Although China is the only major economy that will most likely post GDP growth this year (estimated at 1.9%), its bond market is seen facing strong headwinds in 2021. It is forecast that bond defaults in the Asian giant will continue to rise, with Chinese corporate bond issuers more at risk than their state-owned peers, based on data from Moody’s Investors Service.
This is due to the general financial nature of private companies in China which normally rely on short-term funding and have weaker corporate governance structures. “Although the government’s liquidity measures helped some companies avoid default by enabling short-term refinancing, they did not significantly support long-dated onshore bond issuance,” explains Ivan Chung, associate managing director at Moody’s. “And this reliance on short-term funding paves the way for recurring refinancing needs, raising the default risk for financially weak companies.”
Another financing hurdle facing Chinese private corporate bond issuers is weaker demand for their bonds, despite an increase in foreign investors flocking to the Chinese onshore bond market in search for attractive yields. A vast majority of these foreign investors have participated in central government bonds and bonds from quasi-sovereign policy banks, according to analysis from Fitch Ratings.
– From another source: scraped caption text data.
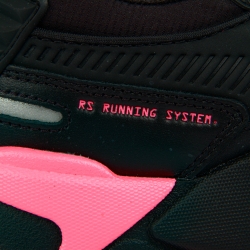 RS X Triple Puma - 8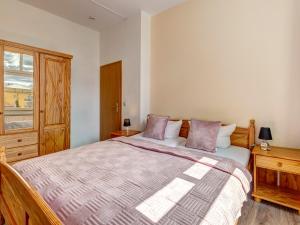 Villa Malve Wohnung 9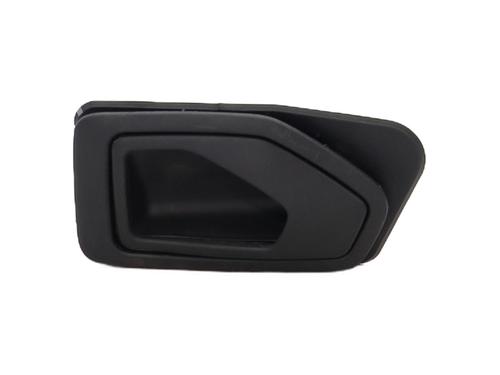 Used Rear right exterior door handle Rear right exterior door handle PEUGEOT 306 Hatchback (7A, 7C, N3, N5) 1.4 (75 hp) 34373341 34373341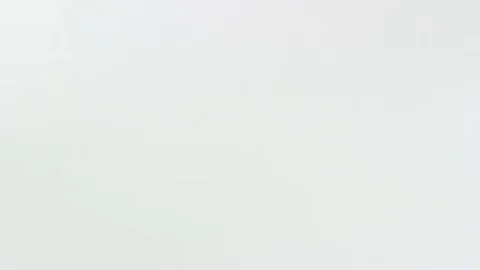 Pill Bottle on white BG Stock-Footage 71231082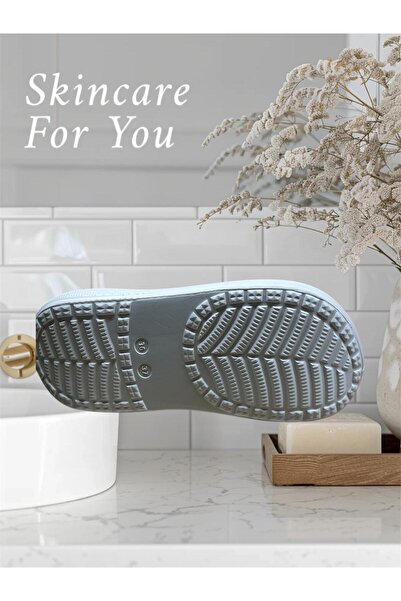 Sonimix SU GEÇİRMEZ EVA BOT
The expectation of additional bond defaults in China’s private sector has prompted organizations like the International Monetary Fund to call for reforms in the country’s onshore bond market to protect foreign investors such as access to hedging tools, further clarity around local bond ratings, and further liberalization of China’s capital account.
Despite these issues, China has nonetheless introduced measures to reform the bond market. In July 2020, the Shanghai and Shenzhen stock exchanges under the China Securities Regulatory Commission (CSRC) released formal rules on corporate bond exchanges, an understanding that bond exchanges must be conducted on a voluntary and equal basis. Around the same time, the People’s Bank of China issued a notice detailing the principles for bond defaults and the responsibilities of the various parties involved.